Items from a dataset
* * * * *

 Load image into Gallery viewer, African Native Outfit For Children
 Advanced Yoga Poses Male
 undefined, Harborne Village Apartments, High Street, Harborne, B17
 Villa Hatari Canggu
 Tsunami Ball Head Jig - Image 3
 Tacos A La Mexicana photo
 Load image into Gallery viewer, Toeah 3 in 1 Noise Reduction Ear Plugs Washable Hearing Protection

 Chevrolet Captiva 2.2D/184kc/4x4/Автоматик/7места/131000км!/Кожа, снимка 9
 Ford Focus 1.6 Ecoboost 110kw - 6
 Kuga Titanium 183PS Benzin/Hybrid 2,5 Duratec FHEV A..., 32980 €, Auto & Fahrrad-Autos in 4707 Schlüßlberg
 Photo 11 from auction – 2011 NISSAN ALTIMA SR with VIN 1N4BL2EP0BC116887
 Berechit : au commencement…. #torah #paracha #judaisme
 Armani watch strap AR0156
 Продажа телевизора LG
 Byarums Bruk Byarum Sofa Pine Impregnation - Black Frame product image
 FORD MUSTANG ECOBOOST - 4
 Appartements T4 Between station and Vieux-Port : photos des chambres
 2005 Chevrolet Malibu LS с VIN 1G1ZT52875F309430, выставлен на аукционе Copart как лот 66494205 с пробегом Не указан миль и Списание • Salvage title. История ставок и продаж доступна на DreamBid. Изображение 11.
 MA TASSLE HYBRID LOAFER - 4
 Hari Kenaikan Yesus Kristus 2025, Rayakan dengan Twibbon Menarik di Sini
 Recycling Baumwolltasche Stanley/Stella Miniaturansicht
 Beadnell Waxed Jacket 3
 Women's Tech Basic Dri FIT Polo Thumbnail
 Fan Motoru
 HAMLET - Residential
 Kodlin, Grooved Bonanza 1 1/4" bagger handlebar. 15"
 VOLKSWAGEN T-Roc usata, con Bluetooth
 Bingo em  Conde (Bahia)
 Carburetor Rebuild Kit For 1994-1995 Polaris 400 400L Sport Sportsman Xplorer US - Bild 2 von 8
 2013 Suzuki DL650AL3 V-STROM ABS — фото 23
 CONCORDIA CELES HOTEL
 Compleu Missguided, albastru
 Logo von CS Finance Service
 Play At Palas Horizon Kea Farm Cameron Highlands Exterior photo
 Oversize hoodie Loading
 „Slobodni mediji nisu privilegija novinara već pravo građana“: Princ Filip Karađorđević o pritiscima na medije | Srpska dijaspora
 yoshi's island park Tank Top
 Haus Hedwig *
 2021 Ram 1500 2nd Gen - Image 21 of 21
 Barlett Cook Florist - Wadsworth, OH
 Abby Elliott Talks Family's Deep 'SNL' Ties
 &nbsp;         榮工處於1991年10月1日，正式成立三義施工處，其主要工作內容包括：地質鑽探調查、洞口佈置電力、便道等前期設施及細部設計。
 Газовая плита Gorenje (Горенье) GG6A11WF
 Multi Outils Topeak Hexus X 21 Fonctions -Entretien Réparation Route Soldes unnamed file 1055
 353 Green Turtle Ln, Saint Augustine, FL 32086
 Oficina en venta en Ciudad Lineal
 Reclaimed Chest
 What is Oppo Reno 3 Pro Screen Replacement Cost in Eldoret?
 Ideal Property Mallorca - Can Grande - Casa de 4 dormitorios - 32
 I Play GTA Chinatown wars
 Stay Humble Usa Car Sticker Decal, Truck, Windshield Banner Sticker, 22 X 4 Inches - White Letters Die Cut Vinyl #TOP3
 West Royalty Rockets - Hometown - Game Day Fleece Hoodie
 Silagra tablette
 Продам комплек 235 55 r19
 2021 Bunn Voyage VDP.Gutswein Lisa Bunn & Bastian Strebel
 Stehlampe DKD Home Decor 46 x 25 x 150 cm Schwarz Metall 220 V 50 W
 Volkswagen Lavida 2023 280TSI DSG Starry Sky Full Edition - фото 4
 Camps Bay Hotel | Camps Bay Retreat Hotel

* * * * *

Work request
In the entries above, identify each line that includes the string "фото", then copy it.

Answer to this exercise
 2013 Suzuki DL650AL3 V-STROM ABS — фото 23
 Volkswagen Lavida 2023 280TSI DSG Starry Sky Full Edition - фото 4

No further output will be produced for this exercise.